Radio frequency from 60 to 90 GHz

The waveguide E band is the range of radio frequencies from 60 GHz to 90 GHz in the electromagnetic spectrum, corresponding to the recommended frequency band of operation of WR12 waveguides. These frequencies are equivalent to wave lengths between 5 mm and 3.333 mm. The E band is in the EHF range of the radio spectrum.

==Atmospheric effects==
At these high frequencies, the short wavelengths give the radiation a very directional quality, similar to visible light.

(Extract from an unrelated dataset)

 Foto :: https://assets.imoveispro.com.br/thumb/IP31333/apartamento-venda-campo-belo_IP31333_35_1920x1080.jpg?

Many molecules possess rotational and vibrational states excited by very specific wavelengths in this band, thus the atmospheric gases such as oxygen, water vapor, carbon dioxide and nitrogen can absorb, and be excited causing variable beam attenuation effects dependent on meteorological and atmospheric conditions.

==Applications==

In October 2003, the Federal Communications Commission (FCC) ruled that spectrum at 71 to 76 GHz, 81 to 86 GHz and 92 to 95 GHz was available for high-density fixed wireless services in the United States.

The Radio Regulations of the International Telecommunication Union allow amateur radio and amateur satellite operations in the frequency range 76.000 GHz to 81.000 GHz, which is known as the 4-millimeter band.

In June 2020, SpaceX applied for use of the E-Band in the Starlink Gen2 constellation. Generation 2 Starlink Gen2 satellites will include 71 - 79 GHz and 81 - 86 GHz operational frequencies. This was approved by the Federal Communications Commission (FCC) on March 8th, 2024.